Interdiction de fumer en terrasse

interdiction de fumer

la terrasse d’un établissement accueillant du public ne constitue pas un lieu fermé et couvert où s’impose l’interdiction totale de fumer, dès lors que close des trois côtés, elle n’a ni toit ni auvent.

L’association Les Droits des non-fumeurs (ci-après l’association), qui a pour mission reconnue d’utilité publique de lutter contre le tabagisme et d’agir pour le respect de la réglementation qui protège les non-fumeurs, reproche à la société Indiana Richelieu Drouot de ne pas respecter les dispositions des articles L. 3511-7 et R. 3511-1 et suivants du code de la santé publique relatives à l’interdiction de fumer dans les lieux affectés à un usage collectif, dans le restaurant ayant pour enseigne « Indiana café » qu’elle exploite 18 boulevard Montmartre à Paris. L’association a donc assigné la société Indiana Richelieu Drouot en paiement de dommages-intérêts et délivrance d’une injonction, sous astreinte, de se mettre en conformité avec les dispositions de ce code.
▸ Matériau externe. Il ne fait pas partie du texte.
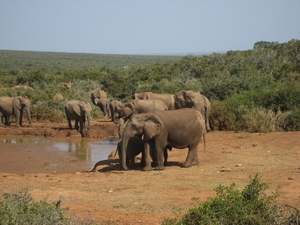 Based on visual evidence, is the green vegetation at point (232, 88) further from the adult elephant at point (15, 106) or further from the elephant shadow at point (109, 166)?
the elephant shadow at point (109, 166)

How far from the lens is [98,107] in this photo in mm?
31469

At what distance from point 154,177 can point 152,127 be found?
153 cm

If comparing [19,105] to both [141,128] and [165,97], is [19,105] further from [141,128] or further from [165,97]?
[141,128]

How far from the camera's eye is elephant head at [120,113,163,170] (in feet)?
44.8

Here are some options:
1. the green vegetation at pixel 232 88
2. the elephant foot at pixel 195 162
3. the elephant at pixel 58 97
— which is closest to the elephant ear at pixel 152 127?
the elephant foot at pixel 195 162

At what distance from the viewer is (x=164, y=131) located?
13898 mm

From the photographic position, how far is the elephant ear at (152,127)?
13641 millimetres

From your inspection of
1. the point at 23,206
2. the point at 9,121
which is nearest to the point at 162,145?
the point at 23,206

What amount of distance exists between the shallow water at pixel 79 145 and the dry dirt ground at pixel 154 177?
0.54 m

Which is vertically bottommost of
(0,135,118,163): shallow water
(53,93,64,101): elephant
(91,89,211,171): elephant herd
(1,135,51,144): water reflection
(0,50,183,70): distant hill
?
(0,50,183,70): distant hill

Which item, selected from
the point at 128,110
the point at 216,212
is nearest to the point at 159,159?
the point at 128,110

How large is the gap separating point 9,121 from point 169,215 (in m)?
18.9

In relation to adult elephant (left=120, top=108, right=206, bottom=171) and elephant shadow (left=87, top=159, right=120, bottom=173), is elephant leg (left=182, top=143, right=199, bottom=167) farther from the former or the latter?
elephant shadow (left=87, top=159, right=120, bottom=173)

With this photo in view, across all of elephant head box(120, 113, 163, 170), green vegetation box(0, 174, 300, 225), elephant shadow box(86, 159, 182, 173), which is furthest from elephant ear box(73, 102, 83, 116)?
green vegetation box(0, 174, 300, 225) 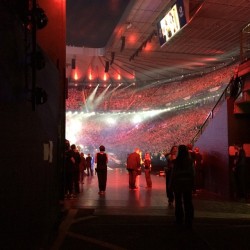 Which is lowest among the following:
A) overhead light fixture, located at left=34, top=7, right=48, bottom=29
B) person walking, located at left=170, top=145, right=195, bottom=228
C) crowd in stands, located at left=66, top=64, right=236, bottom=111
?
person walking, located at left=170, top=145, right=195, bottom=228

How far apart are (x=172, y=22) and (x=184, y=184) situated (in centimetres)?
756

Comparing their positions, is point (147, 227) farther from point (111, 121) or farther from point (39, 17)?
point (111, 121)

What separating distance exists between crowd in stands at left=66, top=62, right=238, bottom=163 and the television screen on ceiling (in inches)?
A: 648

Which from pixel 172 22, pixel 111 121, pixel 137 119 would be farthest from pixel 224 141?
pixel 111 121

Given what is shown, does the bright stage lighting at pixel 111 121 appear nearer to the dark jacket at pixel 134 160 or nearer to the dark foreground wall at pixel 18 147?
the dark jacket at pixel 134 160

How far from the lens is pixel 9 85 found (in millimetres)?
3627

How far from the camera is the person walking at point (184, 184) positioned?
7.29 metres

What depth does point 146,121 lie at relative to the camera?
1496 inches

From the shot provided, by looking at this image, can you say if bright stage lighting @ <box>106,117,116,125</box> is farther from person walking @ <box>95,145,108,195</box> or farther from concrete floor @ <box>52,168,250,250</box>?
concrete floor @ <box>52,168,250,250</box>

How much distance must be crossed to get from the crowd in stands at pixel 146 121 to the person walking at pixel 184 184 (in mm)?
23557

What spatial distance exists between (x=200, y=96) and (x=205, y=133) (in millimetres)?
17882

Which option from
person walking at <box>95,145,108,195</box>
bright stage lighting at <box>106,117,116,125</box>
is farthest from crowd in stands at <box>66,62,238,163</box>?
person walking at <box>95,145,108,195</box>

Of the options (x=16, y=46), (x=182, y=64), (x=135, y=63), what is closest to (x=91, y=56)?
(x=135, y=63)

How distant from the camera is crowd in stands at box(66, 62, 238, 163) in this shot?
32.3 meters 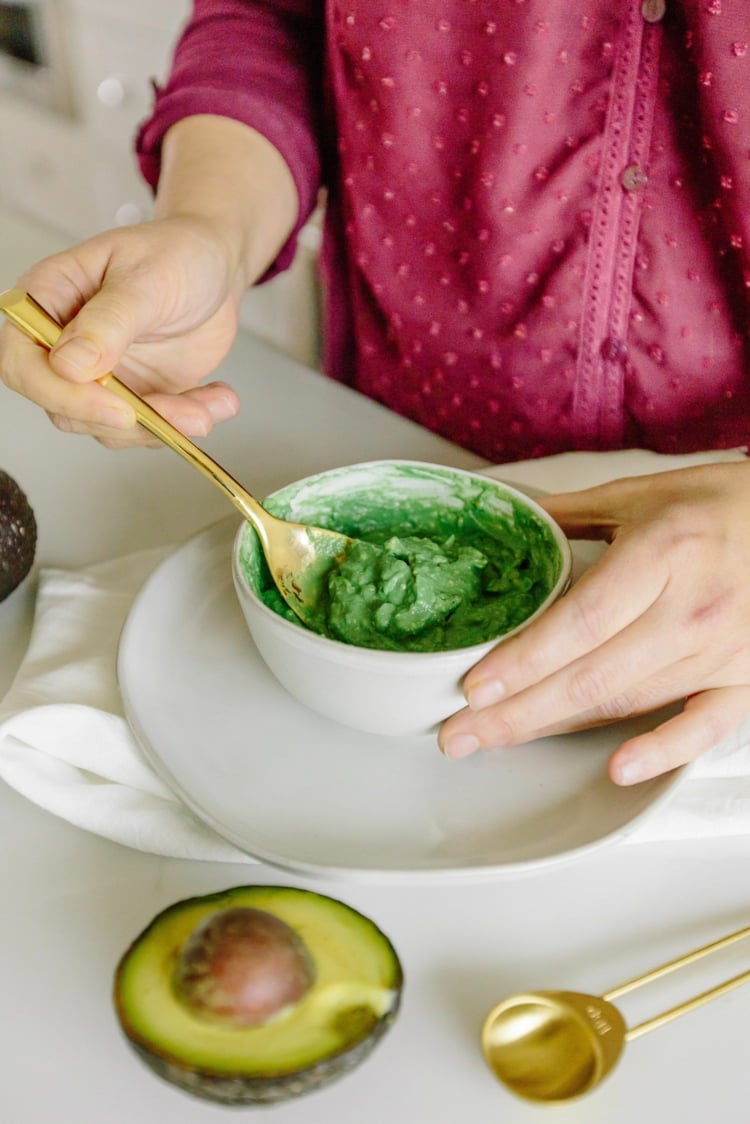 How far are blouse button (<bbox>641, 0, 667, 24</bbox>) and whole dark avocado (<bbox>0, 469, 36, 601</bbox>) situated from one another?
0.61 meters

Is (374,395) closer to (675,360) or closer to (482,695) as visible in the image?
(675,360)

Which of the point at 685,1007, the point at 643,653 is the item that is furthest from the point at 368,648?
the point at 685,1007

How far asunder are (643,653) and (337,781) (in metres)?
0.20

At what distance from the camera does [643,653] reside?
23.6 inches

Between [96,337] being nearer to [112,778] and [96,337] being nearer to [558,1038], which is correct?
[112,778]

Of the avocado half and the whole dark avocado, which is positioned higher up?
the whole dark avocado

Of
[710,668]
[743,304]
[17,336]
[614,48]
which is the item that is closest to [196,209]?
[17,336]

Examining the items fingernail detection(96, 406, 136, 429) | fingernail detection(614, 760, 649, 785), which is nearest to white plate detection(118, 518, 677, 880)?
fingernail detection(614, 760, 649, 785)

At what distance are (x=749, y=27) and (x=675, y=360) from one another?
27cm

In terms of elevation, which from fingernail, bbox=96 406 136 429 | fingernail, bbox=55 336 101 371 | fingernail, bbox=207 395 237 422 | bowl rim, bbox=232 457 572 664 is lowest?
bowl rim, bbox=232 457 572 664

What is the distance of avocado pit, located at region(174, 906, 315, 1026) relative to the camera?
0.46 meters

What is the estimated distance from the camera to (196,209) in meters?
0.89

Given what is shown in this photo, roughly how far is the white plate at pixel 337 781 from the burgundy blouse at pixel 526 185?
0.41 m

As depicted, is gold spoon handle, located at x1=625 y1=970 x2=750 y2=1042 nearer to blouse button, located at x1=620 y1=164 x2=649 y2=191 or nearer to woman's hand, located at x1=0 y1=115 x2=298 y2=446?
woman's hand, located at x1=0 y1=115 x2=298 y2=446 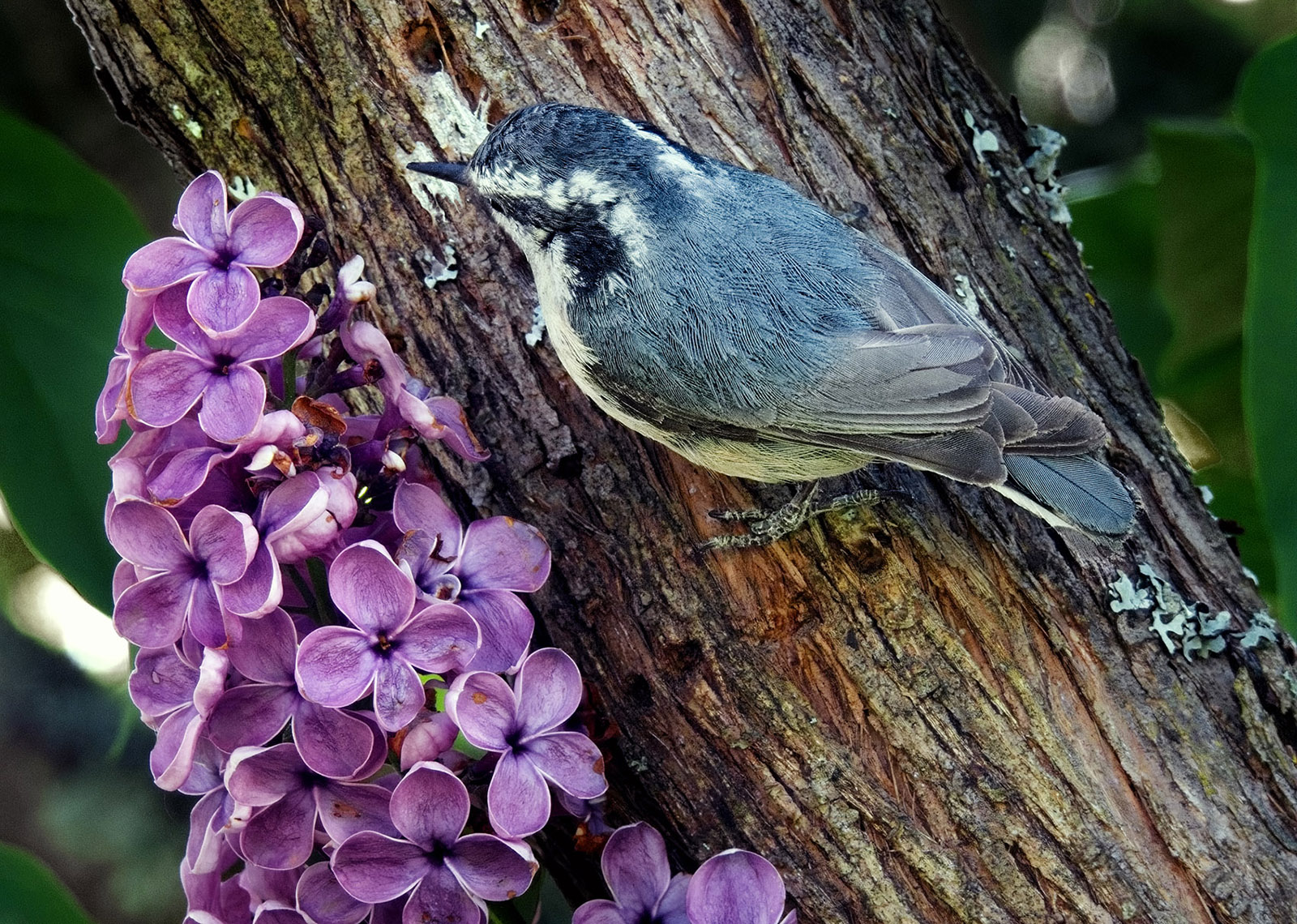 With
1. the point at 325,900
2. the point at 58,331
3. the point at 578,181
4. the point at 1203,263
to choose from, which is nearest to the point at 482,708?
the point at 325,900

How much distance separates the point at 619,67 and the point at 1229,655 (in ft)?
4.12

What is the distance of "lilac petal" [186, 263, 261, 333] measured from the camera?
1.23 m

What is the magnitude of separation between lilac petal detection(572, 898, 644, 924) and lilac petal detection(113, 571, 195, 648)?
0.55 metres

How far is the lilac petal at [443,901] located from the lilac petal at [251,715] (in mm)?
226

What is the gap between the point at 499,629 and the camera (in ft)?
4.18

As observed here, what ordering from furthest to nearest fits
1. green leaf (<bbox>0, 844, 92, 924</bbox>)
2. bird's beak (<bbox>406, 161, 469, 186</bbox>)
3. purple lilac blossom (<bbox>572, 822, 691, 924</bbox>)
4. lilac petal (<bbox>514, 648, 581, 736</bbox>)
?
bird's beak (<bbox>406, 161, 469, 186</bbox>) → green leaf (<bbox>0, 844, 92, 924</bbox>) → purple lilac blossom (<bbox>572, 822, 691, 924</bbox>) → lilac petal (<bbox>514, 648, 581, 736</bbox>)

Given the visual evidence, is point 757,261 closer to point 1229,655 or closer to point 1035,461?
point 1035,461

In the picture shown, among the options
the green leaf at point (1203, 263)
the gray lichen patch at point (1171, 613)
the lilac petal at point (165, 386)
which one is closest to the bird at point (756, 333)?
the gray lichen patch at point (1171, 613)

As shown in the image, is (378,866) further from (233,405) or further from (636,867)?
(233,405)

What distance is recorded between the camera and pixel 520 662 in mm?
1261

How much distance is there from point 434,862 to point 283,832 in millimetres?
165

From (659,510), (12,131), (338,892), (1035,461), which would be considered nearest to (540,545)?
(659,510)

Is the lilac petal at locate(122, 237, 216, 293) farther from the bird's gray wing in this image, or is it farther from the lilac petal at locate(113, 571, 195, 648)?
the bird's gray wing

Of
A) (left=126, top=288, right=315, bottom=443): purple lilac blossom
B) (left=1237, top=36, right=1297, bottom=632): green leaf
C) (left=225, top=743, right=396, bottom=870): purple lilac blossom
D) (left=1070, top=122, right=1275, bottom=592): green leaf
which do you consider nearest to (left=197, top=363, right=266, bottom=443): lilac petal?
(left=126, top=288, right=315, bottom=443): purple lilac blossom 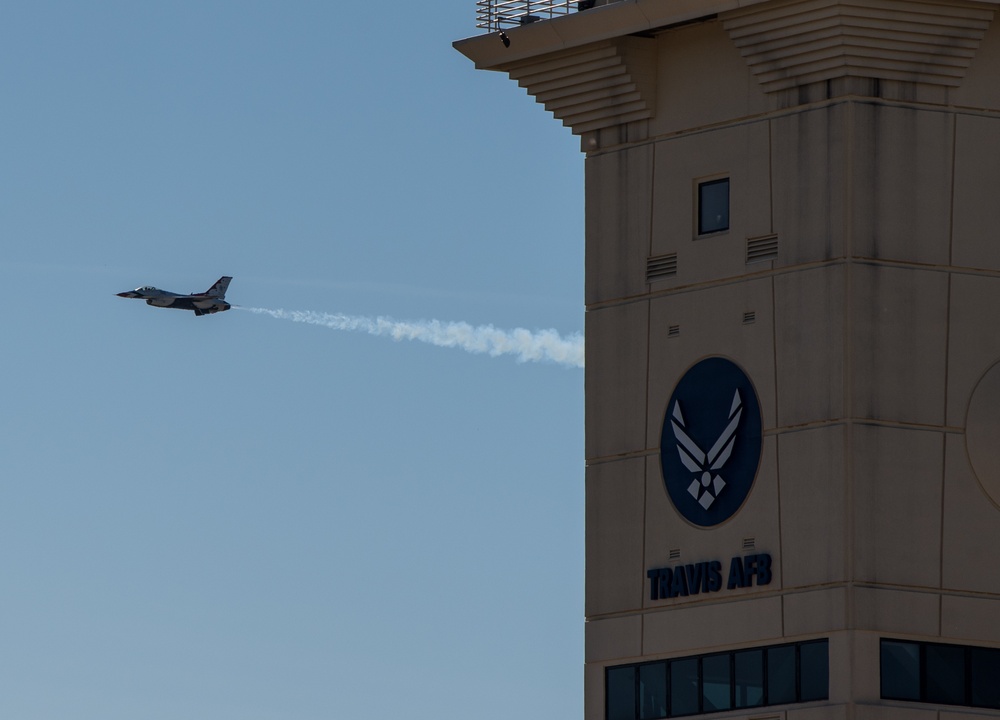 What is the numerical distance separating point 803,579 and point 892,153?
12.0 meters

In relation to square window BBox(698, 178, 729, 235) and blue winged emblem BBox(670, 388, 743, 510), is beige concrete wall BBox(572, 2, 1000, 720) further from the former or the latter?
blue winged emblem BBox(670, 388, 743, 510)

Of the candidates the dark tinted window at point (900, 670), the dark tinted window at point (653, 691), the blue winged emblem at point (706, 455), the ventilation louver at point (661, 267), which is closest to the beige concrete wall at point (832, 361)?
the ventilation louver at point (661, 267)

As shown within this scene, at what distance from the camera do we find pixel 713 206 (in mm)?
80688

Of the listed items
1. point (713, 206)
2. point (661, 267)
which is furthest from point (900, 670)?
point (713, 206)

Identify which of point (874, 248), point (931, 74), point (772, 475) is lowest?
point (772, 475)

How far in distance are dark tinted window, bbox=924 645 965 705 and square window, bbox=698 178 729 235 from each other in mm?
13487

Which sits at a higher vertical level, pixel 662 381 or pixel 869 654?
pixel 662 381

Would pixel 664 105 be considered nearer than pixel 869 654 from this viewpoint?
No

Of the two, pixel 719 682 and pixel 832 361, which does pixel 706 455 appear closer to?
pixel 832 361

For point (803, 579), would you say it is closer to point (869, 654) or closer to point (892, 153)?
point (869, 654)

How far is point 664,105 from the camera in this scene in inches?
3236

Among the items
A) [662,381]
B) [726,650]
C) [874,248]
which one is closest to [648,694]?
[726,650]

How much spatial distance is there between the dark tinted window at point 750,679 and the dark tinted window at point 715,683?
40 centimetres

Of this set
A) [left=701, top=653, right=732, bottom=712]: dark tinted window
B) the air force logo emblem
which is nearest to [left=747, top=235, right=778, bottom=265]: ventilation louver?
the air force logo emblem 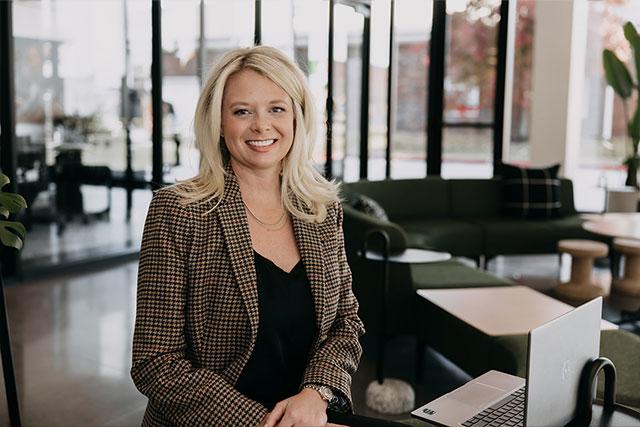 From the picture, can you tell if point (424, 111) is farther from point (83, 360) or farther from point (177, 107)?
point (83, 360)

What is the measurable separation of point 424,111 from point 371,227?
15.4 ft

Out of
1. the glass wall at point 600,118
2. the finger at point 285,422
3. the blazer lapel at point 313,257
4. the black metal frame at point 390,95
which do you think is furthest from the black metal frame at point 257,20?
the finger at point 285,422

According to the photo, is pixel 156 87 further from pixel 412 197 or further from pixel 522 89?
pixel 522 89

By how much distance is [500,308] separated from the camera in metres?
3.38

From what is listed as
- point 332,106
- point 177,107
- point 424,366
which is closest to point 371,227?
point 424,366

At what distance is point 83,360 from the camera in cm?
418

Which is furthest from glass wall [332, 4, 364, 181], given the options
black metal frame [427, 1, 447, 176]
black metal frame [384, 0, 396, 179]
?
black metal frame [427, 1, 447, 176]

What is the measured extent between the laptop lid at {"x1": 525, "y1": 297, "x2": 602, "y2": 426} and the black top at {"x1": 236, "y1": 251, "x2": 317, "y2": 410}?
668 millimetres

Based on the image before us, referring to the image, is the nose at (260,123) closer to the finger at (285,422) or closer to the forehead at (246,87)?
the forehead at (246,87)

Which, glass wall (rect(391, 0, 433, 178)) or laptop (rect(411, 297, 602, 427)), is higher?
glass wall (rect(391, 0, 433, 178))

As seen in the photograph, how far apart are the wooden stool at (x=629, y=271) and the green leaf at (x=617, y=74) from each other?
7.53 feet

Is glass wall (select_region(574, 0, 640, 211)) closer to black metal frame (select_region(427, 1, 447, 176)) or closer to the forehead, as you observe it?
black metal frame (select_region(427, 1, 447, 176))

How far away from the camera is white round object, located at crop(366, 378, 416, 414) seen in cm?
345

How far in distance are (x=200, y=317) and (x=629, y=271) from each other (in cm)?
462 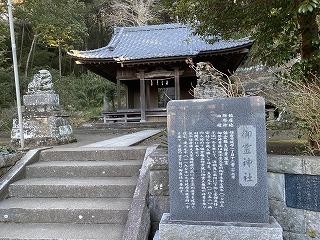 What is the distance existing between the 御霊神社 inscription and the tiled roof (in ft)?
25.5

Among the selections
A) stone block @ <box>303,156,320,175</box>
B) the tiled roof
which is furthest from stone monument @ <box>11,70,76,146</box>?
the tiled roof

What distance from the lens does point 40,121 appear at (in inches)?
196

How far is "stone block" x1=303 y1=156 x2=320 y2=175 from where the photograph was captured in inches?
97.4

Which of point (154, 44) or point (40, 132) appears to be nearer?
point (40, 132)

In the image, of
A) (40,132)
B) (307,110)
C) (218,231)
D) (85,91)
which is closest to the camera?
(218,231)

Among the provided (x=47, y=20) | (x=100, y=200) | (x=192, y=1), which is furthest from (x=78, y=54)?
(x=100, y=200)

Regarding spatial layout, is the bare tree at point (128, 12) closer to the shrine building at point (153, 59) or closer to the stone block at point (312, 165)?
the shrine building at point (153, 59)

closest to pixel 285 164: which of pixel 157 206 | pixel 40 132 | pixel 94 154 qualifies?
pixel 157 206

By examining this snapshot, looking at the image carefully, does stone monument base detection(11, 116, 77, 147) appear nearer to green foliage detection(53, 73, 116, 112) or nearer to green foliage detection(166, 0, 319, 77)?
green foliage detection(166, 0, 319, 77)

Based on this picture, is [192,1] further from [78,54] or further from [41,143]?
[78,54]

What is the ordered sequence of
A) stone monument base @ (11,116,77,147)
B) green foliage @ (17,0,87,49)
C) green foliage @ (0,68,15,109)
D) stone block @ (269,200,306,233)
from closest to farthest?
stone block @ (269,200,306,233), stone monument base @ (11,116,77,147), green foliage @ (17,0,87,49), green foliage @ (0,68,15,109)

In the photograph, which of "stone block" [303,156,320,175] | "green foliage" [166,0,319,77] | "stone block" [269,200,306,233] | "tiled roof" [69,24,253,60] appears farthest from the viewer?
"tiled roof" [69,24,253,60]

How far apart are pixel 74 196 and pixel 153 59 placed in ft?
26.9

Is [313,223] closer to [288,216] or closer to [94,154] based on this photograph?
[288,216] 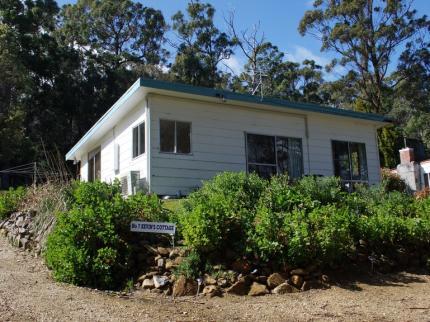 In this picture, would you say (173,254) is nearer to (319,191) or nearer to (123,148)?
(319,191)

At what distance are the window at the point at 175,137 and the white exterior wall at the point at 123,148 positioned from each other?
1.94ft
La Cour d’Appel de Paris, par arrêt en date du 11 mai 2012, a débouté l’association de l’ensemble de ses demandes. Selon la Cour d’Appel,il appartient à l’association d’établir, d’une part, que l’espace litigieux constitue effectivement un lieu fermé et couvert relevant des dispositions de l’article R. 3511-3 du code de la santé publique, d’autre part, que les autres espaces sont dépourvus de la signalétique relative à l’interdiction de fumer prévue par l’article R. 3511-6, étant observé qu’il ne s’agit pas de savoir si les lieux litigieux sont de nature à protéger les consommateurs contre l’exposition tabagique mais de savoir si ceux-ci sont des « lieux fermés » au sens des dispositions réglementaires en vigueur.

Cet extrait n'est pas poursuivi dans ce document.